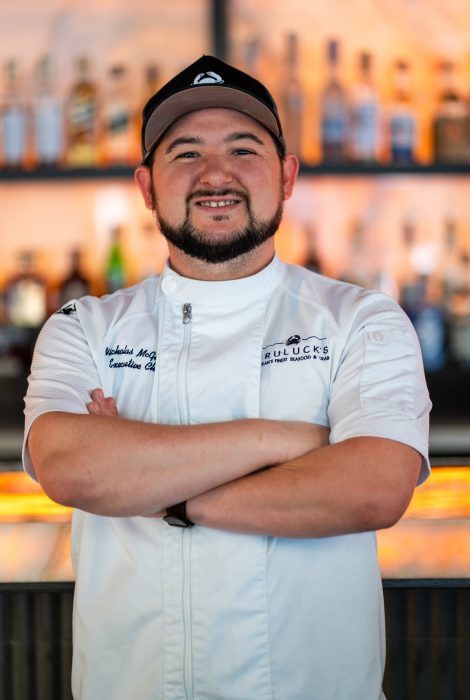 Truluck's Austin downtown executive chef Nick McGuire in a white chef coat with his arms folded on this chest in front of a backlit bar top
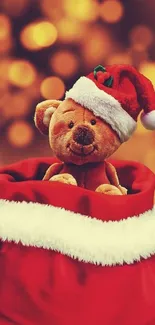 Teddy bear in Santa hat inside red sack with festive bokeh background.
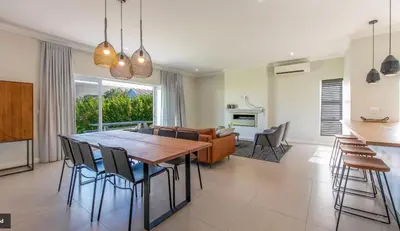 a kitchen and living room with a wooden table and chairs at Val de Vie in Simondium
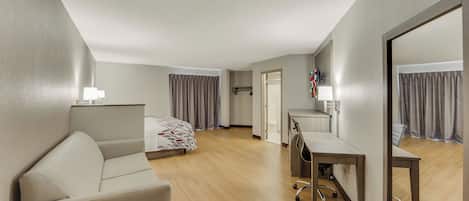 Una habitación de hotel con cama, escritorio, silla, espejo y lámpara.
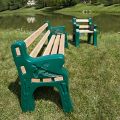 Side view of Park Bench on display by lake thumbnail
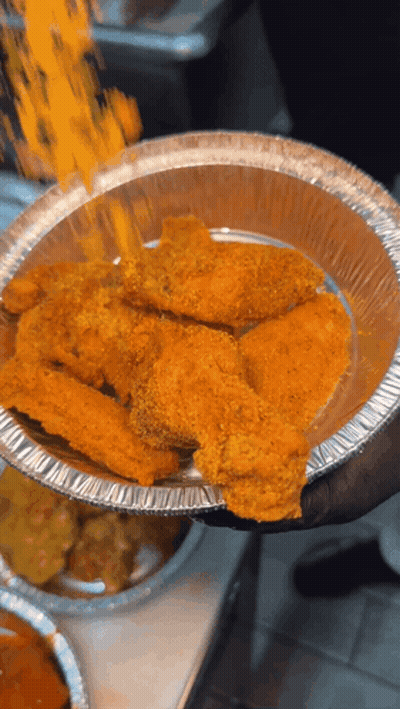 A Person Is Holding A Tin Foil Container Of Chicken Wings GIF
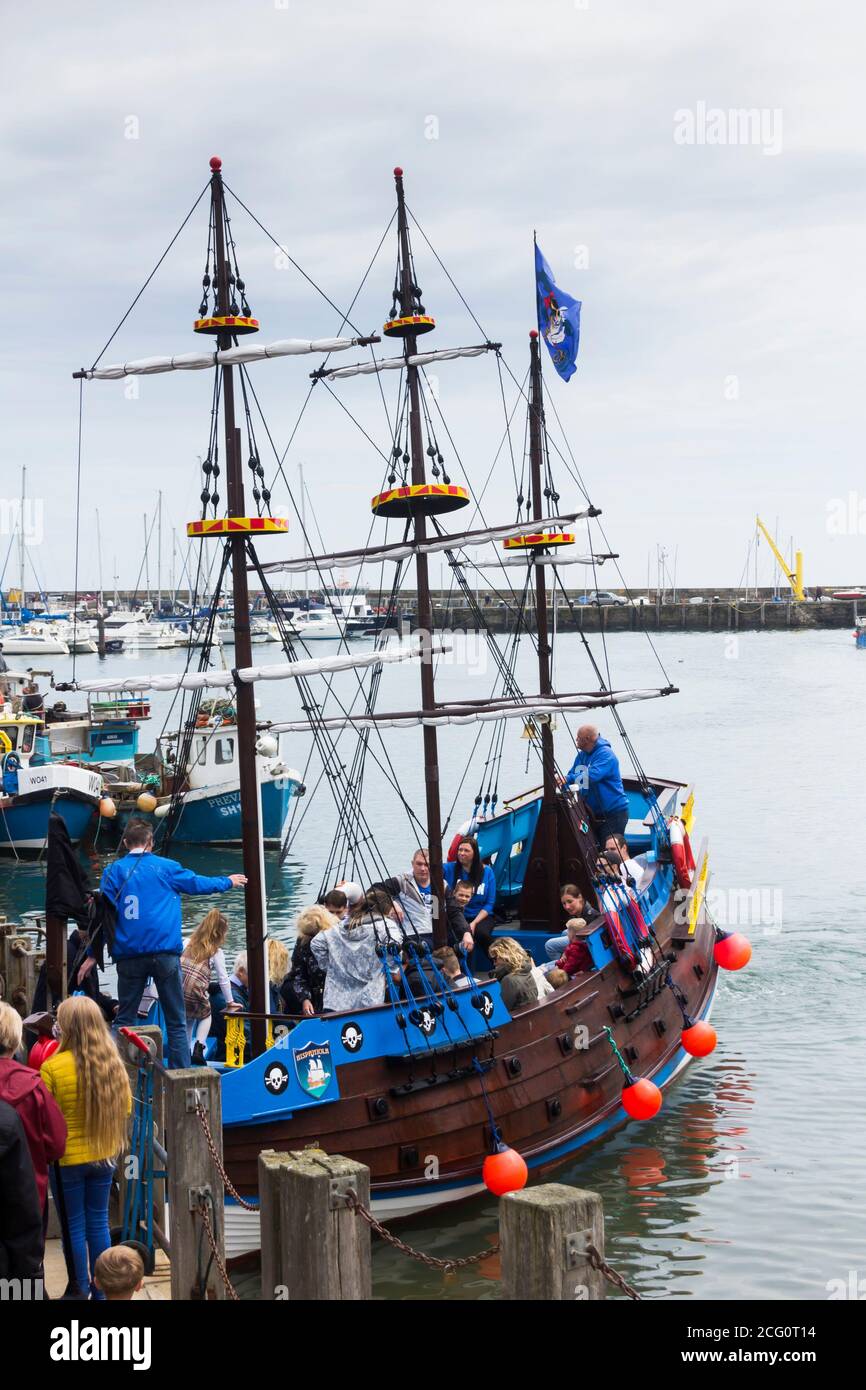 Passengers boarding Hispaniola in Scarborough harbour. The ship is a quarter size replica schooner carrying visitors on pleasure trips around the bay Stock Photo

--

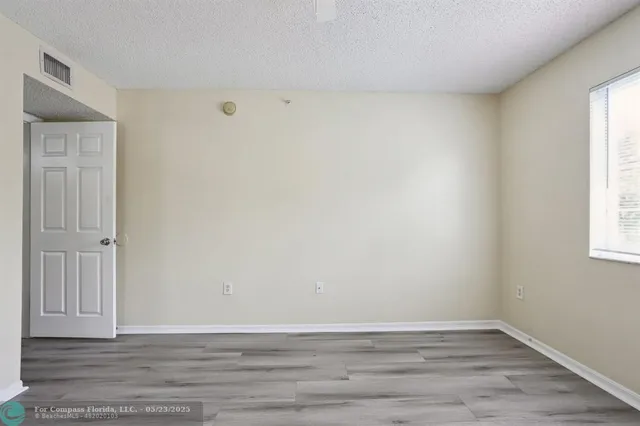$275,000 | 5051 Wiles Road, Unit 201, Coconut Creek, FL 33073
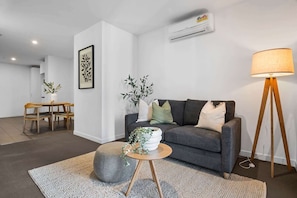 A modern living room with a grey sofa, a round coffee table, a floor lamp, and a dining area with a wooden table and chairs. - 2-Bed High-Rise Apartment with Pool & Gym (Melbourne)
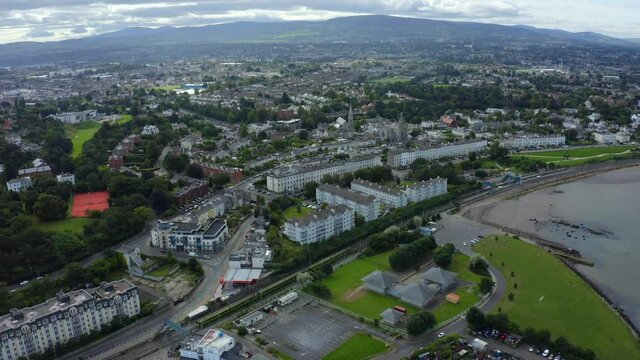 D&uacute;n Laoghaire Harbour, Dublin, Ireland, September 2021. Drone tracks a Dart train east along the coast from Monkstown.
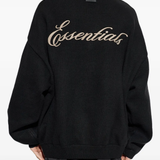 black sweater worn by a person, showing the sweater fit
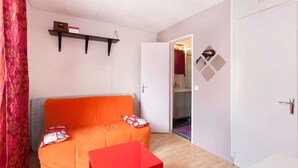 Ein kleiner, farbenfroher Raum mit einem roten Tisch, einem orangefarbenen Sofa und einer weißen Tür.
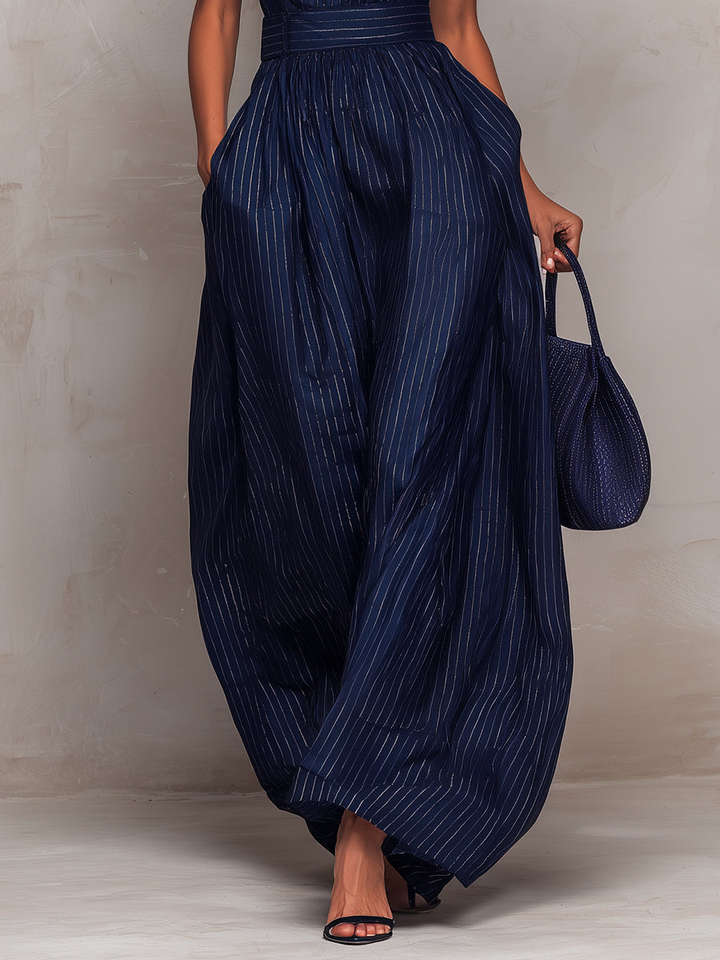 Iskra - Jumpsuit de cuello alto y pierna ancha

Instructions to follow> Above are records; write out the lines from the one with "A Person Is" down to the one with "Passengers boarding Hispaniola", exactly, leaving the pictures out.

Solution>
 A Person Is Holding A Tin Foil Container Of Chicken Wings GIF
 Passengers boarding Hispaniola in Scarborough harbour. The ship is a quarter size replica schooner carrying visitors on pleasure trips around the bay Stock Photo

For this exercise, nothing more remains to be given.